TEMPO.CO, Manado - Cerita mendebarkan mengiringi proses persalinan Anoa bernama Denok, yang ada di penangkaran alami Anoa Breeding Center Balai Penelitian dan Pengembangan Lingkungan Hidup dan Kehutanan di Kota Manado, SUlawesi Utara, Selasa, 7 Februari 2017.
Proses persalinan hewan yang masuk kategori populasi kritis ini begitu mendebarkan, karena ternyata kondisi bayi Anoa dalam posisi Distoksia atau dalam istilah manusia sungsang. Hal ini menyebabkan induk Anoa Denok kesulitan untuk melahirkan.

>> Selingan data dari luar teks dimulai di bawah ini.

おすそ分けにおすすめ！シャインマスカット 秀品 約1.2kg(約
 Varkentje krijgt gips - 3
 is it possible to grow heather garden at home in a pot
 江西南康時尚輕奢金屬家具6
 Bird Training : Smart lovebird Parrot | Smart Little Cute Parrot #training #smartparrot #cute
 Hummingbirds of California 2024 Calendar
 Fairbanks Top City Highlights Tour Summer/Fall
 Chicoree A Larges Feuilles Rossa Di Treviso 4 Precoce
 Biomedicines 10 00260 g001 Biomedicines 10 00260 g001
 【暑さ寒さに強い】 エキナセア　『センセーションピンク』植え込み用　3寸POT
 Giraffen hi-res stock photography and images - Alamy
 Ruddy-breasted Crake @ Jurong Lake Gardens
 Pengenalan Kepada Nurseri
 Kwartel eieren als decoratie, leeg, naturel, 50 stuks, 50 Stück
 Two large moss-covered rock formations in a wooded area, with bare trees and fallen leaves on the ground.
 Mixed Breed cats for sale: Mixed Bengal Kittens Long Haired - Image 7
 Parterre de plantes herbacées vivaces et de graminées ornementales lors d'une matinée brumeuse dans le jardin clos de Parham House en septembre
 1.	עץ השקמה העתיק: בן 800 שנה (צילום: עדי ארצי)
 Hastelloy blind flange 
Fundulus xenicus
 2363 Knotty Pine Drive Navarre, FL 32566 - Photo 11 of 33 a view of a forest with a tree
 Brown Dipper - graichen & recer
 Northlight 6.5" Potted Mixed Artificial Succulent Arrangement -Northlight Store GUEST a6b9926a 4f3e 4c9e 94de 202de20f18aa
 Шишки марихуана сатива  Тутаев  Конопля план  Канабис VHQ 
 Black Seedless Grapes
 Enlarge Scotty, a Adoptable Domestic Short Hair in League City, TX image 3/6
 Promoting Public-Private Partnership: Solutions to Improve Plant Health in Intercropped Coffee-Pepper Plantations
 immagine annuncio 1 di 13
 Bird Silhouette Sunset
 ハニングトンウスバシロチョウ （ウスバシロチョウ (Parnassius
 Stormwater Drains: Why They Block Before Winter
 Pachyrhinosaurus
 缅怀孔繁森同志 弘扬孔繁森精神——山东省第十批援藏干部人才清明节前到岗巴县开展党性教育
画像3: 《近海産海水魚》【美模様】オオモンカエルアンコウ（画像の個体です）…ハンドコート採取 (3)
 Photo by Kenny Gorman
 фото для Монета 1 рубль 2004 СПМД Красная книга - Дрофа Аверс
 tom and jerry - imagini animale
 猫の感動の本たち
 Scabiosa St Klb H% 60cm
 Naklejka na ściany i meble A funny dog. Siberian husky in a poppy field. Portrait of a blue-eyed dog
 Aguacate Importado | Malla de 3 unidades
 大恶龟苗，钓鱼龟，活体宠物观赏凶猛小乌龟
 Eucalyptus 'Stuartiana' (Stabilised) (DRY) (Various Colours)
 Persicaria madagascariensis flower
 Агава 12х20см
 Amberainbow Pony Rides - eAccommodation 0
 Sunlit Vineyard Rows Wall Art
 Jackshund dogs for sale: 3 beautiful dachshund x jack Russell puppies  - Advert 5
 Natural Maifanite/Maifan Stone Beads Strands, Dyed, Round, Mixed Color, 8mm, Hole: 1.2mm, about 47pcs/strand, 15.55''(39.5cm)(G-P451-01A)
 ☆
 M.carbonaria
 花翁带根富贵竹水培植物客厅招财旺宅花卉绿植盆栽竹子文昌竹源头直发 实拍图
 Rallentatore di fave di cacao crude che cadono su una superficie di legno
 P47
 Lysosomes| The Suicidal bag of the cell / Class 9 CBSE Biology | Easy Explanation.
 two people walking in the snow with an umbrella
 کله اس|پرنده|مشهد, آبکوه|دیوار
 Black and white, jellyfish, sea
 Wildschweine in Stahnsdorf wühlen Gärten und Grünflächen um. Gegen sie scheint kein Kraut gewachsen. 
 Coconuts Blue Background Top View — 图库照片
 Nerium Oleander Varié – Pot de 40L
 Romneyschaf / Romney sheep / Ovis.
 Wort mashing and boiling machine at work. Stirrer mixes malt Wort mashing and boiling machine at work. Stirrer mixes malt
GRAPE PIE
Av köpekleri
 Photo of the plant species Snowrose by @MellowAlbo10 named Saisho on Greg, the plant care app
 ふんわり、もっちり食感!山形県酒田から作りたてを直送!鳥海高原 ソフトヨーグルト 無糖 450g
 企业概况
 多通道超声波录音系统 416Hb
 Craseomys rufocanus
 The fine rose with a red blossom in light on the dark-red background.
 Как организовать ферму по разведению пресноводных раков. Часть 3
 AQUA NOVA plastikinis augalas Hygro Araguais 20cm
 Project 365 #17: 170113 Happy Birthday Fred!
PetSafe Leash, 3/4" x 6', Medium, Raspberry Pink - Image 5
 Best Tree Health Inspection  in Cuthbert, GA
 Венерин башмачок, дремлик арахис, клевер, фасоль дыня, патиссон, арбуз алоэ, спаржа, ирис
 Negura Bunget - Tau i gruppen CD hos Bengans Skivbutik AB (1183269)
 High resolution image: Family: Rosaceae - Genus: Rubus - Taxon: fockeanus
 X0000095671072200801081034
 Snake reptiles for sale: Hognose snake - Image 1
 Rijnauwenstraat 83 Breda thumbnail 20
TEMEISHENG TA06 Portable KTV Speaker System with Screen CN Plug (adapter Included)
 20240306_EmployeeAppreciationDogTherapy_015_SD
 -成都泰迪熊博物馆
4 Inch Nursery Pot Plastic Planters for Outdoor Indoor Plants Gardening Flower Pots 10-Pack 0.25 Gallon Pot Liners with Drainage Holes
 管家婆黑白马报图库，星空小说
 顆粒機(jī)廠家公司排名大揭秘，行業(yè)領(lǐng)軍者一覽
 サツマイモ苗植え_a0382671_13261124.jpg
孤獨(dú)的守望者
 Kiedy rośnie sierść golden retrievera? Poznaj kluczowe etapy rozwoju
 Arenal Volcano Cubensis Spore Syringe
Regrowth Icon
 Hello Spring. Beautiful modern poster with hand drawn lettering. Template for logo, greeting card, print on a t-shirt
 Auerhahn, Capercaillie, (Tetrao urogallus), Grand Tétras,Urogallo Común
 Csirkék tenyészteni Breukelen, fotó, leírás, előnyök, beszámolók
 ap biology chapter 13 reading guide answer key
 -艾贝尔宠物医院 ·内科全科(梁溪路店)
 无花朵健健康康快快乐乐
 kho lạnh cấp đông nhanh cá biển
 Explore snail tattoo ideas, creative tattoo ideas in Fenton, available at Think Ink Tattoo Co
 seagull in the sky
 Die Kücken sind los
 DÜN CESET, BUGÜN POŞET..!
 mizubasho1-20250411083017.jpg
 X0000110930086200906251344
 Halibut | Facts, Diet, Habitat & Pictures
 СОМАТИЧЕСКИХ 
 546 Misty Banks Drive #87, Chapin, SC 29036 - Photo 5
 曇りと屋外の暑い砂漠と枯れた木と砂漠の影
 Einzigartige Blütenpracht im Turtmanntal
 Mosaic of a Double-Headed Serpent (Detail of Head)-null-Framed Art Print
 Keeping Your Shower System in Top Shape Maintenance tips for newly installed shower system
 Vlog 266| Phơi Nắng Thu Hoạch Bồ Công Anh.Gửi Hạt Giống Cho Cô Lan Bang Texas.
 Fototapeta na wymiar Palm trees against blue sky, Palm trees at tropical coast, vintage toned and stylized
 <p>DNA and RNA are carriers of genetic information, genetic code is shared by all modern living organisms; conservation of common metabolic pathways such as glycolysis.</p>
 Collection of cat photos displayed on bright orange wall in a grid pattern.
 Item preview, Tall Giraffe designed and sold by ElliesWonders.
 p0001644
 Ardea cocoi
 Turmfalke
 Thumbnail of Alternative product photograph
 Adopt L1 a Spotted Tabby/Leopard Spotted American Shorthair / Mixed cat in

"Padahal proses kontraksi sudah terjadi sejak pukul 14.10 Wita. Anoa Denok sendiri baru bisa melahirkan pada pukul 17.20 Wita," tutur Drh Adven TAJ Simamora, dokter Balai saat menggelar konferensi pers terkait kelahiran Anoa ini Rabu 8 Februari 2017.
Menurut Adven, awalnya mereka hanya memantau dan membiarkan secara alami proses persalinan tersebut. Apalagi pada pukul 15.50 Wita, kaki bayi Anoa sudah terlihat keluar. "Tapi setelah beberapa lama ternyata tak kunjung melahirkan," tutur dokter Adven.
Mereka mulai melakukan penanganan dengan melakukan reposisi dan penarikan bayi Anoa yang sungsang tersebut pada pukul 17.16. Empat menit kemudian bayi Anoa lahir.
"Tentunya penanganan ini sesuai dengan SOP agar induk Anoa tidak stres. Selain itu, kami tegaskan tidak ada perlakuan kasar, karena ini juga bisa membuat bayi maupun induk Anoa menjadi tidak nyaman," tutur Adven.
Kelahiran bayi Anoa berjenis kelamin laki-laki ini begitu disambut sukacita. Hal ini begitu tampak dalam pemutaran video proses kelahiran, di mana usai bayi Anoa dibersihkan dari sisa persalinan, tampak dokter Adven menciumi bayi Anoa tersebut berulang-ulang dengan mimik wajah bahagia. Tindakan ini juga diikuti para tenaga balai yang tampak begitu bahagia.
Kepala Balai Penelitian dan Pengembangan Lingkungan Hidup dan Kehutanan Dodi Garnadi sendiri menjelaskan jika kebahagiaan tim, dikarenakan kelahiran alami Anoa ini merupakan pertama yang benar-benar sukses, dimana bayi Anoa lahir dengan selamat dan sehat hingga saat ini.
Anak Anoa yang lahir dengan berat 5,2 kilogram dan panjang 49 sentimeter ini, merupakan kelahiran ketiga, dimana 2 sebelumnya bayi anoa meninggal seusai persalinan.
"Pertama 16 Agustus 2015 meninggal karena tidak ada dokter, kemudian tanggal 23 Juni 2016 meninggal karena ternyata Anoa harus dipindahkan ke kandang besar, agar mereka bisa sesuai habitat mereka," kata Garnadi kembali.
Dengan lahirnya bayi Anoa ini, Balai Penelitian dan Pengembangan Lingkungan Hidup dan Kehutanan telah memiliki 8 Anoa dengan perincian 6 Anoa Betina dan 2 Jantan.